Cryptik,
Tonight I had to read more Intel datasheets on something unrelated and I debunked my own theories on Asus' differing GTLs. I actually have an explanation now that isn't based on hunches! It seems if I had read thoroughly over all the FSB pin definitions I would have caught it straight away!
Address strobes are common clock source synchronous. Data strobes are differential clock source synchronous.
So why do Asus use 0.635 for data and 0.667 for address.
Address being common clock source synchronous means that the strobe is setup across multiple clock domains during the same clock edge, and synchronized to source of strobe.
Data being differential clock source synchronous means the strobe is set up at the target destination on the next falling edge of either differential clock, so the actual clock domain of source and target never actually come into contact with each other, and just synchronizes the data strobe based on when the source set it up, and accessed at the target on the following falling edge on the host bus not the source.
Now I see why Data is lower than address.
Ringback on low and high swing has potential to wreak havoc when it leaks into two clock domains have an open strobe on the same clock, and would otherwise never cross talk even if their frequency oscillates similarly to another on a different domain. Cross talking from ringback can only occur when a common clock is used for a strobe, it's otherwise harmless on differential clocks. Jitter on a common clock is as harmless as ringback on a differential clock. Asus understand that this is true in practice by their decisions on what reference voltage point to use for the associated strobe on the data or address bus. Jitter across differential clocks is bad because it causes skewing and deviation when calculating the following falling clock edge on the inverse clock because if the following clock period actually takes place earlier or later than max stability window determines is acceptable, there is no way to be sure that the target will begin to read the strobe before it begins and contaminate the strobe with something completely different, or after and miss the first bursts of data with result of incomplete data at endpoint.
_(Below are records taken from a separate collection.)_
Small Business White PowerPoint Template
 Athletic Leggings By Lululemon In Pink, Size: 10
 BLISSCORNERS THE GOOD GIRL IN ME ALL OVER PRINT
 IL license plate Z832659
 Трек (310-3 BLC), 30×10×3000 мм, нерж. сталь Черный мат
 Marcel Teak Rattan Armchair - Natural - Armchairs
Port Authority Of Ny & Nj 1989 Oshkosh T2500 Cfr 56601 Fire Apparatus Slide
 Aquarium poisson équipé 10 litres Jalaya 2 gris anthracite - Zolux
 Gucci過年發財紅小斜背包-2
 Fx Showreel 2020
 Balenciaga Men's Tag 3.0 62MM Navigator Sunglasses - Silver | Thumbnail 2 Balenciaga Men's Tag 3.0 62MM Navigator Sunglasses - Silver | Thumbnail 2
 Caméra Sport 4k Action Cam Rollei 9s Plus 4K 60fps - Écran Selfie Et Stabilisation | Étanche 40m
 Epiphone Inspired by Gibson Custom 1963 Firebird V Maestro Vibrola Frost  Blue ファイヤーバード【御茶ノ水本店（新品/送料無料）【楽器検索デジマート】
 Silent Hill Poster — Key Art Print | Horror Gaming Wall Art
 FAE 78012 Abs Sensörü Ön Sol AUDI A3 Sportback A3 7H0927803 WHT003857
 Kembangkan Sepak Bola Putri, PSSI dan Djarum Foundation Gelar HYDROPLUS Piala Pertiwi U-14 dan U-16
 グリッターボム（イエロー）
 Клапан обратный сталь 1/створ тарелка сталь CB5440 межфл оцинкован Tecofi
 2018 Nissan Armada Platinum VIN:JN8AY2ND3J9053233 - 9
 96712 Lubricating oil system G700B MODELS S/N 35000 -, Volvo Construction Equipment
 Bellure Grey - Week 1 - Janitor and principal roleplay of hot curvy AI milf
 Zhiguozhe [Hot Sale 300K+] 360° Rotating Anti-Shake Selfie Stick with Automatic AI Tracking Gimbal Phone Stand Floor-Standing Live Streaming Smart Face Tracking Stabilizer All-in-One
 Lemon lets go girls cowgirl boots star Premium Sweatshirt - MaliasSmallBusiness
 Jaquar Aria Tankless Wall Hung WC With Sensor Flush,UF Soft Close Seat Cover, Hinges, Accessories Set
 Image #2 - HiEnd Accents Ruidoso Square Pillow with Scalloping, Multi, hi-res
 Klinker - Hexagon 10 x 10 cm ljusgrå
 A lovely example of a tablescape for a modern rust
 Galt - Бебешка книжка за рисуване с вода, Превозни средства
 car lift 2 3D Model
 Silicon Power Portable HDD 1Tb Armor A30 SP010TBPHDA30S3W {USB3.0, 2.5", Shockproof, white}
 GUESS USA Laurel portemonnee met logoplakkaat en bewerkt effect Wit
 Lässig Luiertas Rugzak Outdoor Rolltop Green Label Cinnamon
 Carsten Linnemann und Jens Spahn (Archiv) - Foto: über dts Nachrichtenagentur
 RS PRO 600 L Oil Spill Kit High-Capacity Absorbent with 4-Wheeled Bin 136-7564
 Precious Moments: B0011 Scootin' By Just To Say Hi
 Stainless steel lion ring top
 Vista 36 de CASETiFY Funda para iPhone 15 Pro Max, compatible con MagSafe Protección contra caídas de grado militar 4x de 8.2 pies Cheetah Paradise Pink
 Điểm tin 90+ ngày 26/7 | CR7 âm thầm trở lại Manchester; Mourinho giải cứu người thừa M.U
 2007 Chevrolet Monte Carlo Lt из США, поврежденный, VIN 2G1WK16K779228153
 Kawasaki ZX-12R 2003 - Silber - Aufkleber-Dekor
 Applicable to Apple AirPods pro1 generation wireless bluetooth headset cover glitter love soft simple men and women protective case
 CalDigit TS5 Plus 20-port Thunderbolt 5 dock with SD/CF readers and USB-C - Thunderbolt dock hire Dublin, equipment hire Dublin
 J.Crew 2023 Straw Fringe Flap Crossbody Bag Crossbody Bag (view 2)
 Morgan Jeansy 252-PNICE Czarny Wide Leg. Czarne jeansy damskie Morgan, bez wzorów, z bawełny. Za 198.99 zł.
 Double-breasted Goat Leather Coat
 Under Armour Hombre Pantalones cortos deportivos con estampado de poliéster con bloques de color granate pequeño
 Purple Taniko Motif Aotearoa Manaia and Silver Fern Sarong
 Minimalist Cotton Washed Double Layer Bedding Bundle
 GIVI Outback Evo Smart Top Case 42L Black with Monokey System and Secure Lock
Checking data is complete and valid is optional and upto endpoint device to ensure that what it received is the same as what was sent.
So on a data strobe you want to minimize jitter at the expense of harmless ringback so you set the GTL for data bus strobes at the same value as Host FSB GTL reference to more precisely time when to setup the strobe and how long to hold it to make sure the target can successfully read successive strobes for the completion of the data transaction. The clock domains will never exist on the same clock so any ringback within the valid period window won't do anything other than look cool on an oscilloscope. There is your 0.63x.
On an address strobe different clock domains being exposed to each other on a common clock means you want to eliminate ringback because all the shielding and pulling down on the input voltage you do won't make the slightest difference if both clock domains have clock frequencies that have oscillation and resonance characteristics alike each other, and if they cross talk between device bus' there is no way to know this, as cross talk from source bus to destination bus appears as what should be part of an address strobe transaction even if its actually random data bits from a data strobe on the same falling clock edge for a completely different transaction. Address strobe data is highly critical and random if even minute pollution can completly alter the necessary data for the MCH to determine where a following data strobe needs to be requested to, or even something like changing a bit in the destination address data when decoded ends up initiating a data strobe to a completely unrelated device bus, and completely corrupting a data strobe it is accessing from a different source. Data all looks the same so you rely on the MCH to decode and route it properly and assume responsibility of validity to target, Address is all completely different, and decoding is based on set of hexadecimal identifiers supplied so that you don't need to know where it actually lives or how to get to it, just that it is there and you want to communicate with it. Asus uses 0.67 to eliminate ringback cross talk between clock domains at the expense of more jitter because jitter causes skewing, and skewing is only a problem when timing strobes across differential clocks especially when the low clocks data is inverse to its value, and high clock isn't. A != A on low clock, F != 0 on high clock, mess the timing up and AD0F from low clock is read as AD0F on high instead of 52F0 which is what the source device burst on to the Host FSB bus.
Summary.
0.63 for Data uses ringback resistance from differential clock bus access for source and target to eliminate clock jitter when timing strobe access between source and target. Set to same reference point as Host Bus GTL aka NB_GTLREF because all clocks are reference from host BCLK and what better reference to use than the same point being used to drive the clocks you are timing against clocks driven based on the same source at the destination accessing the strobe on the following clock edge. Chances of clocks skewing and deviating too far are decreased dramatically, that's the critical factor here.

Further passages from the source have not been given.